Thursday, April 25, 2013

Turning Travel into a Novel - Visiting Jane Austen




Guest Post from Scott Southard, author of the upcoming A Jane Austen Daydream, to be released April 30, Amazon.com.

All her heroines find love in the end–but is there love waiting for Jane?

Jane Austen spends her days writing and matchmaking in the small countryside village of Steventon, until a ball at Godmersham Park propels her into a new world where she yearns for a romance of her own. But whether her heart will settle on a young lawyer, a clever Reverend, a wealthy childhood friend, or a mysterious stranger is anyone’s guess.
Written in the style of Jane herself, this novel ponders the question faced by many devoted readers over the years–did she ever find love? Weaving fact with fiction, it re-imagines her life, using her own stories to fill in the gaps left by history and showing that all of us–to a greater or lesser degree–are head over heels for Jane.

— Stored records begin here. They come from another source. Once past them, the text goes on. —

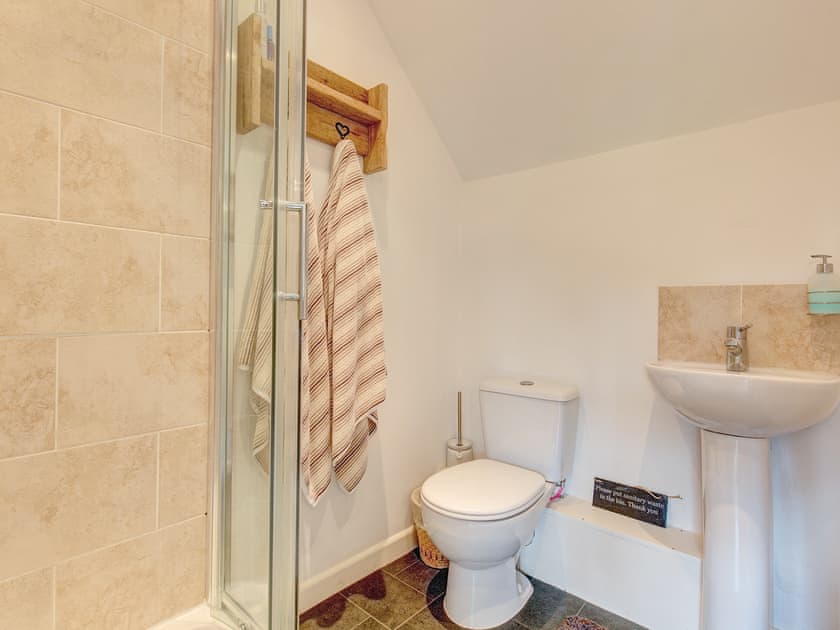 Shower room | Flint Cottage, Stiffkey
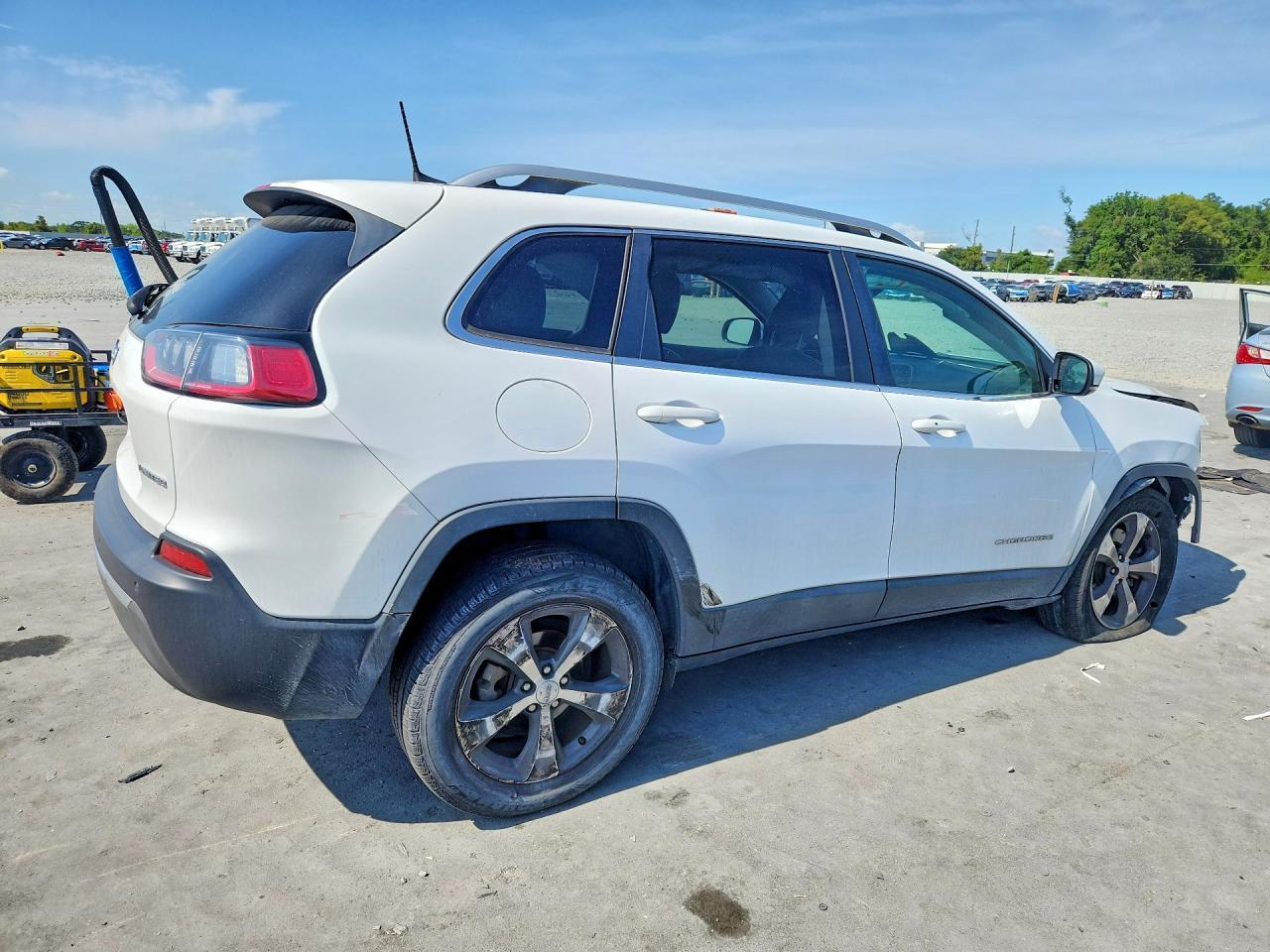 2019 Jeep Cherokee Limited - Image 3
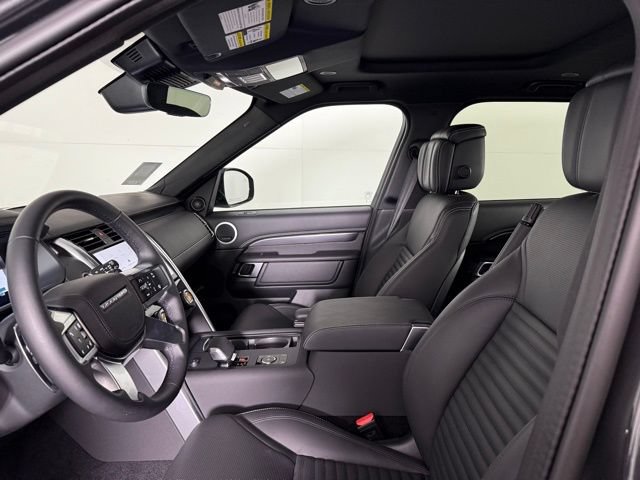 Used 2025 Land Rover Discovery Metropolitan Edition AWD/4WD image 16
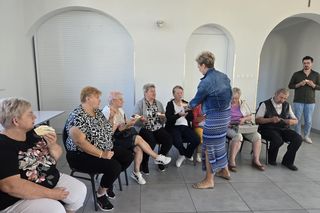 Były opowieści o herbacianych zwyczajach, wspomnienia dawnych spotkań przy stole, a także degustacje różnych gatunków herbat 
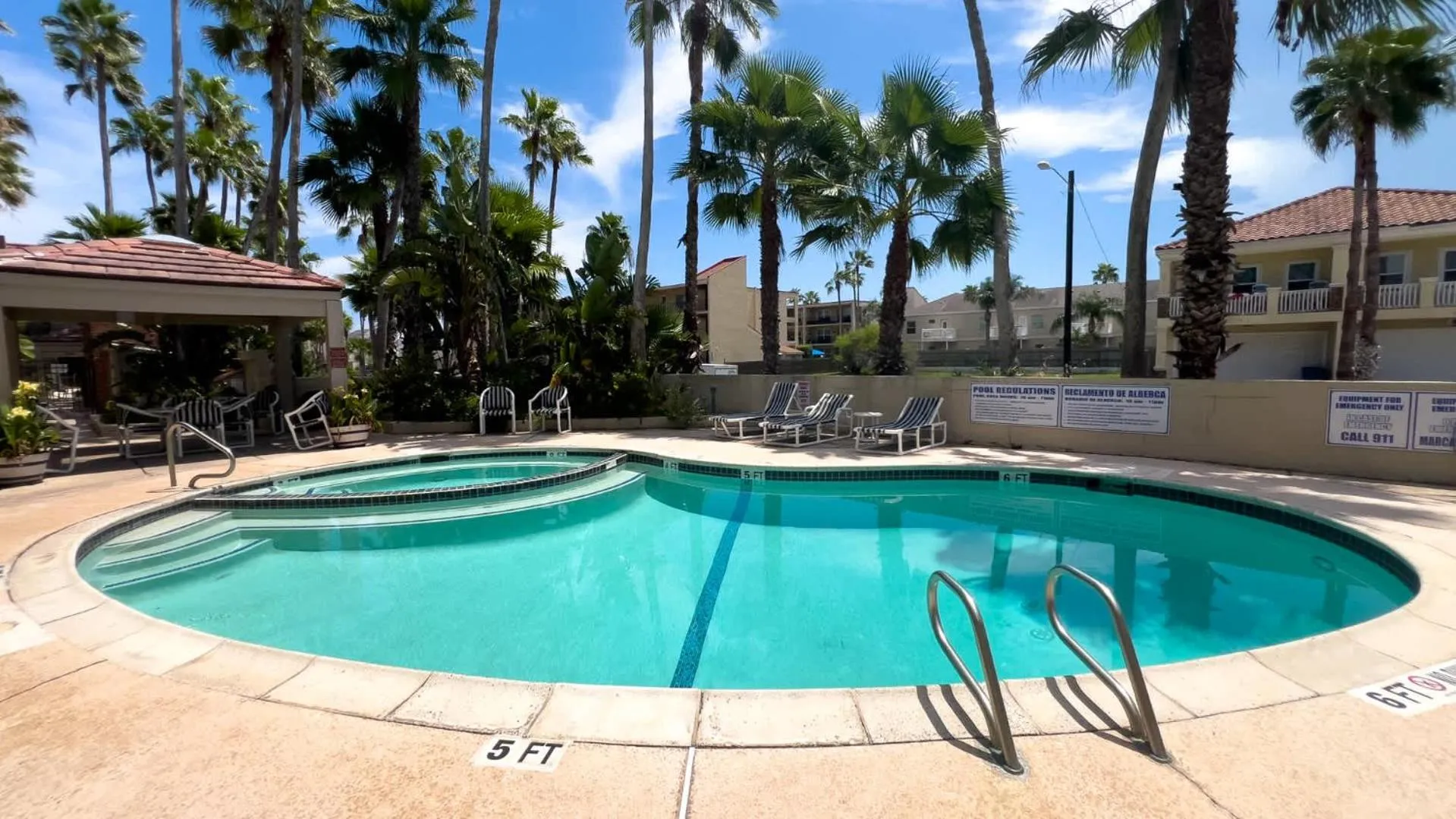 Swimming pool in Villa del Sol - #205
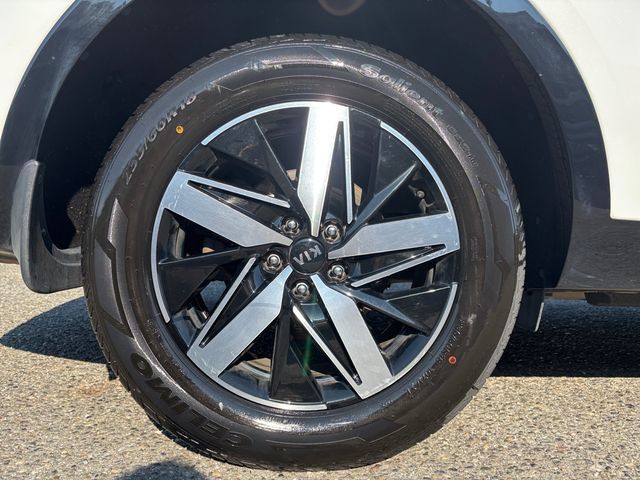 Used 2021 Kia Sorento EX w/ Panoramic Sunroof Package AWD/4WD image 27
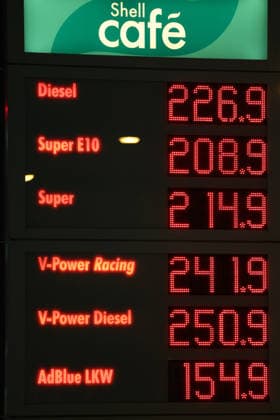 Wie ist die weitere Entwicklung der Spritpreise? Die Spritpreise sind weiterhin auf sehr hohem Niveau. Seit Mitternacht gilt der sogenannte Tankrabatt. Die Bundesregierung hat die Energiesteuer auf Benzin und Diesel bis Ende Dezember gesenkt. Die Ersparnis soll bei rund 17 Cent pro Liter liegen. SHELL Tankstelle in Siegen am fruehen (frühen) Morgen. Der aktuelle Preis fuer (für) Diesel, Super E10 und Super liegt weiterhin ueber (über) 2 Euro. Diesel liegt bei 2,26 Euro, Super E10 bei 2,08 Euro und Super bei 2,14 Euro. Tankstelle, Spritpreise am 01.10.2026 in Siegen Deutschland.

I went to England to find Jane Austen.

To be honest, I also went to find Charles Dickens, Sir Arthur Conan Doyle, George Elliot, John Keats, William Shakespeare (or whoever wrote his plays), J.R.R. Tolkien, and Winnie-the-Pooh.

Winnie-the-Pooh? Yeah, with some research, I figured out where the real 100-Acre Woods is located and spent a day wandering the fields, visiting Roo’s Sandy Place, sitting at the Enchanted Place, finding the north pole, playing poohstick on the actual poohstick bridge. As a kid who has fond memories growing up with A.A. Milne’s classic books, I was in children literature heaven. It is a magical and natural place, please don’t tell Disney!

That was me at age 23, Scott the explorer, the new college grad, future “bestselling” author (in my mind), chasing down the legends, my heroes. I’m not sure what lofty goals I had, per se, in making the six-week solo trip to England. I mean, I wasn’t expecting any “haunting” encounters or secret treasures to discover, but it was a voyage I needed to take. I needed to escape the confines of my small West Michigan world, and chase down the locations that made my heroes… well… heroes.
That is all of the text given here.